#### [Aim of the exercise]
Go through the records and copy each line where the string "Hybrid" occurs.

#### [Working data]
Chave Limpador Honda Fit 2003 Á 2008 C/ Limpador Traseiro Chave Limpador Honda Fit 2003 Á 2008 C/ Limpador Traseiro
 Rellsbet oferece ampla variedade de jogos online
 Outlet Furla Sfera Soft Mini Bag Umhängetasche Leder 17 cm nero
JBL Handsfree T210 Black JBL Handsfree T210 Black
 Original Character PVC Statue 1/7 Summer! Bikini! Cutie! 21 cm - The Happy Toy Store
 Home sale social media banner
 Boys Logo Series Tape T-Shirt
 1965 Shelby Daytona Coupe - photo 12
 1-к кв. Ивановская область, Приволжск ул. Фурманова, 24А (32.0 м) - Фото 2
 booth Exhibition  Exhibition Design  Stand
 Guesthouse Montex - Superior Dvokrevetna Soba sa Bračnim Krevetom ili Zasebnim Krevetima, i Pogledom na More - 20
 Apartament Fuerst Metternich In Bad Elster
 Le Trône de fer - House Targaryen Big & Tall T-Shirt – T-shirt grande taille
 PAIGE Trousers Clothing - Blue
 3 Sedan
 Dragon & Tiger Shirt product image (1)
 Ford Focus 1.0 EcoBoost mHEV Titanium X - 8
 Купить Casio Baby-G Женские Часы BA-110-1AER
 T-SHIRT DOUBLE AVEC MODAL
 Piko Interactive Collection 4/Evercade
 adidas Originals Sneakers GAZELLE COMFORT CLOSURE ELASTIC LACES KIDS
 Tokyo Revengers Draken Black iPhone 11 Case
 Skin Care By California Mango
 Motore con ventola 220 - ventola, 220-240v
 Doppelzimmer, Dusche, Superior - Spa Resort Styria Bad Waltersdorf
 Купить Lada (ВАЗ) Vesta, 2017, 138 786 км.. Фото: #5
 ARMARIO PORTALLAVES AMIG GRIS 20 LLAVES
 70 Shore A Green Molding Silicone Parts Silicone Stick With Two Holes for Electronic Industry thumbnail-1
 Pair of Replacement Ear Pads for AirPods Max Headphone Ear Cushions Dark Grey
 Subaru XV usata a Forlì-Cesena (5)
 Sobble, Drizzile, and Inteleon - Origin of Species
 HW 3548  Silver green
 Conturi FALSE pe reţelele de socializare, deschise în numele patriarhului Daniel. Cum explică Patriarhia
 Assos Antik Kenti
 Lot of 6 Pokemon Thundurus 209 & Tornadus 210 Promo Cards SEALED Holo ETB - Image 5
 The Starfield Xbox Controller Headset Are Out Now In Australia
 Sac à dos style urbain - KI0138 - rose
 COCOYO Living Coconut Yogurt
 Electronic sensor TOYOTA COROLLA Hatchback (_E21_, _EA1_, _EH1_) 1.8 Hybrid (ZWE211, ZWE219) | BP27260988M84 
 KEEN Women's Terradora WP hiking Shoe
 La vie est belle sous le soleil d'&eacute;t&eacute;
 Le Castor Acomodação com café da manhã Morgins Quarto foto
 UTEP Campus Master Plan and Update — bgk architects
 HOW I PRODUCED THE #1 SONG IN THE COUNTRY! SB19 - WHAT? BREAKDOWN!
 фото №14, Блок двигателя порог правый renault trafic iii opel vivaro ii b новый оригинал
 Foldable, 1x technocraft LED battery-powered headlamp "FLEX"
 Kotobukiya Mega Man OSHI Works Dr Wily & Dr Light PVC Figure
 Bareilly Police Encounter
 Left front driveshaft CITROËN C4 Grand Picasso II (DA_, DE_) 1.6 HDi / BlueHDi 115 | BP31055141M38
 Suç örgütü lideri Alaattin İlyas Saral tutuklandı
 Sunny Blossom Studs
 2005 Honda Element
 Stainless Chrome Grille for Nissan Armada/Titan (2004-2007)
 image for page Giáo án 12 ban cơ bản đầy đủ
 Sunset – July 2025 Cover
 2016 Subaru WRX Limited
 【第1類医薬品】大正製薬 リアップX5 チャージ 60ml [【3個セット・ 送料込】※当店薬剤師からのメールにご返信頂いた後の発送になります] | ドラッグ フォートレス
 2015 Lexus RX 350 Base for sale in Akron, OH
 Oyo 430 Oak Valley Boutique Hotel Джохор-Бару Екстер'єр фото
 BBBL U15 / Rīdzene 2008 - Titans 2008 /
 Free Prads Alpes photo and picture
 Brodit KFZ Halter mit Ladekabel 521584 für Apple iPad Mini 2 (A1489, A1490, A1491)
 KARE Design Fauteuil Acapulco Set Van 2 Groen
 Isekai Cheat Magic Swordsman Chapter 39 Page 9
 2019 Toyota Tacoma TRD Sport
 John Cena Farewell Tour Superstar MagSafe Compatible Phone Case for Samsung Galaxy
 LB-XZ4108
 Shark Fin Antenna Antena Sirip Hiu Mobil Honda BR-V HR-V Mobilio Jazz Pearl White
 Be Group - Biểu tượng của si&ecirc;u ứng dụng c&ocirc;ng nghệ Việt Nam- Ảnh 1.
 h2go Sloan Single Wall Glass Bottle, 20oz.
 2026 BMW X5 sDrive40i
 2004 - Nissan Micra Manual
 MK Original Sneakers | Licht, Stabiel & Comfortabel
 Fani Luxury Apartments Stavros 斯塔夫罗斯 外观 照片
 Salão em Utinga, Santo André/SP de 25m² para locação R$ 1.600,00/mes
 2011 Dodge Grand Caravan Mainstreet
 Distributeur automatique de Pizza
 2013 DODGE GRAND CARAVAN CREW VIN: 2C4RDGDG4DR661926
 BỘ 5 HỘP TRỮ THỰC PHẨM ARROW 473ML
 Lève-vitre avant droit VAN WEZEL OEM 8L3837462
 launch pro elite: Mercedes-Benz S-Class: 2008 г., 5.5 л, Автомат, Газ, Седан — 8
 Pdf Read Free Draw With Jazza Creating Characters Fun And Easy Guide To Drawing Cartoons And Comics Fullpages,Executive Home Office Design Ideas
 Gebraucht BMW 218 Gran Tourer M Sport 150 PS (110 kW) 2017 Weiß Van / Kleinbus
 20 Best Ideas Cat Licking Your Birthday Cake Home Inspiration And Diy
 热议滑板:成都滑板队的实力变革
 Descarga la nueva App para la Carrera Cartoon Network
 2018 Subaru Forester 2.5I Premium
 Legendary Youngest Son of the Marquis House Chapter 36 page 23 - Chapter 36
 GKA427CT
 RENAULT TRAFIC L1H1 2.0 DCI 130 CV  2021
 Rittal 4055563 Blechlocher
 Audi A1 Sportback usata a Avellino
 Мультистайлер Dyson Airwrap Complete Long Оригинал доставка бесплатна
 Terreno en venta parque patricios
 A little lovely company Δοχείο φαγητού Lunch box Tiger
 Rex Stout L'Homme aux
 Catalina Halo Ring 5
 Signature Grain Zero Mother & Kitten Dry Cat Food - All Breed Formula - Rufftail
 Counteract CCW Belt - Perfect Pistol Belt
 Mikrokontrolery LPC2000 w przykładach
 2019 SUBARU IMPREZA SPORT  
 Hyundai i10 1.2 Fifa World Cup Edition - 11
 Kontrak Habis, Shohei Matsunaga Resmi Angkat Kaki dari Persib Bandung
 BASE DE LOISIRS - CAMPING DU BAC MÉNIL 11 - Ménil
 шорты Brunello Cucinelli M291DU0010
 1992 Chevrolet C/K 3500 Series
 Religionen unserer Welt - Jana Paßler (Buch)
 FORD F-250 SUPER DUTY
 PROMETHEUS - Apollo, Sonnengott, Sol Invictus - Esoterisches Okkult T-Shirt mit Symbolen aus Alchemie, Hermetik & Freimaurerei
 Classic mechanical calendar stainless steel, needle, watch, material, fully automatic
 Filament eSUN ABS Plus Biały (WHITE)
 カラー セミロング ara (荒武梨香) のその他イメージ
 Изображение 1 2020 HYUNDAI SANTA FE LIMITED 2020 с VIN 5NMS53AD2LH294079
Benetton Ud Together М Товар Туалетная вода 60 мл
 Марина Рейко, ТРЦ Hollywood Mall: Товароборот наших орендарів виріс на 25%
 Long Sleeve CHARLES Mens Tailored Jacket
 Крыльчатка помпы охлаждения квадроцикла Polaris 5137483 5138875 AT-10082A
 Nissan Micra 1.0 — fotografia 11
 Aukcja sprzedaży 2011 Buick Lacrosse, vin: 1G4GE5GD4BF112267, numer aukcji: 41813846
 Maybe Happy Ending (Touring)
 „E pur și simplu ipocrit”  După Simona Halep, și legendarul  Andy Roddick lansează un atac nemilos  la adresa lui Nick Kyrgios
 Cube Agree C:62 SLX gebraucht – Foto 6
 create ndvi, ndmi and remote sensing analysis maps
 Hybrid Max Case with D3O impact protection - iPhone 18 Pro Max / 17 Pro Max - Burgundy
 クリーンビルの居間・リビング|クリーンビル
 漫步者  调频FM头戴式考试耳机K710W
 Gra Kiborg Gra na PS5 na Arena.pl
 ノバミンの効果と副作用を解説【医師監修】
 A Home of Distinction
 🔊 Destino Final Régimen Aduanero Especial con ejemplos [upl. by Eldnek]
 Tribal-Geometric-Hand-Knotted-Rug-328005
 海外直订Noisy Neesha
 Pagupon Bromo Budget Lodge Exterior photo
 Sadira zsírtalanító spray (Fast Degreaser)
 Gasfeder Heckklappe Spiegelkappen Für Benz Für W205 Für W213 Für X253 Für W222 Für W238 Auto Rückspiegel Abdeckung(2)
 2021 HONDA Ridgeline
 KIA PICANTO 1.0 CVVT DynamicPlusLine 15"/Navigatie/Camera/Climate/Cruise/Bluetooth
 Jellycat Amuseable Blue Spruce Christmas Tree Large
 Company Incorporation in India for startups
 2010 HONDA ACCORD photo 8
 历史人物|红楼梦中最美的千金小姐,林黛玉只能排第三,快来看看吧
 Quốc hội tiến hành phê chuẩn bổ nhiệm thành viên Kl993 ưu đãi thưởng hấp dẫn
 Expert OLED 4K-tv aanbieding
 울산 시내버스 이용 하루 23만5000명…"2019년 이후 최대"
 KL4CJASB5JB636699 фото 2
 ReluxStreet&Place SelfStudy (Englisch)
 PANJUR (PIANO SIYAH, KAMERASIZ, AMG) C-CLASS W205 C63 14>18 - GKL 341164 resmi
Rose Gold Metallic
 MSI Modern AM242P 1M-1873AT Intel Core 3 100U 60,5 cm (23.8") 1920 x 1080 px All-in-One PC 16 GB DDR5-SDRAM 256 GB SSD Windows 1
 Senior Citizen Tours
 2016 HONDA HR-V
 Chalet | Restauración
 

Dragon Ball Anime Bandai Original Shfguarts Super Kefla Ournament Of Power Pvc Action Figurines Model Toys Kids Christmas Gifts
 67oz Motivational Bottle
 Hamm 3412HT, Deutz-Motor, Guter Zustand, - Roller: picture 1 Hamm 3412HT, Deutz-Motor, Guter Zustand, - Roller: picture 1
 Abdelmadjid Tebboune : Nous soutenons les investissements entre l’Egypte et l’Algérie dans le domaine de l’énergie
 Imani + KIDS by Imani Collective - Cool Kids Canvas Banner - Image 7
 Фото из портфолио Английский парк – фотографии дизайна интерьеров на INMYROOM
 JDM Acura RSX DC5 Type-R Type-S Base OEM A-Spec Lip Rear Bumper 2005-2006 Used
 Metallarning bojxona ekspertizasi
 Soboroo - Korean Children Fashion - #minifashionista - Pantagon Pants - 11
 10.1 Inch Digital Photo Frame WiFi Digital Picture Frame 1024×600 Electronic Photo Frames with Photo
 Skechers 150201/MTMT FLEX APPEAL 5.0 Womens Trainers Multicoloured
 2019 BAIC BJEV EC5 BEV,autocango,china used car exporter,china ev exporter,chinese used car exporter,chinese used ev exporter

#### [Your response]
 Electronic sensor TOYOTA COROLLA Hatchback (_E21_, _EA1_, _EH1_) 1.8 Hybrid (ZWE211, ZWE219) | BP27260988M84 
 Hybrid Max Case with D3O impact protection - iPhone 18 Pro Max / 17 Pro Max - Burgundy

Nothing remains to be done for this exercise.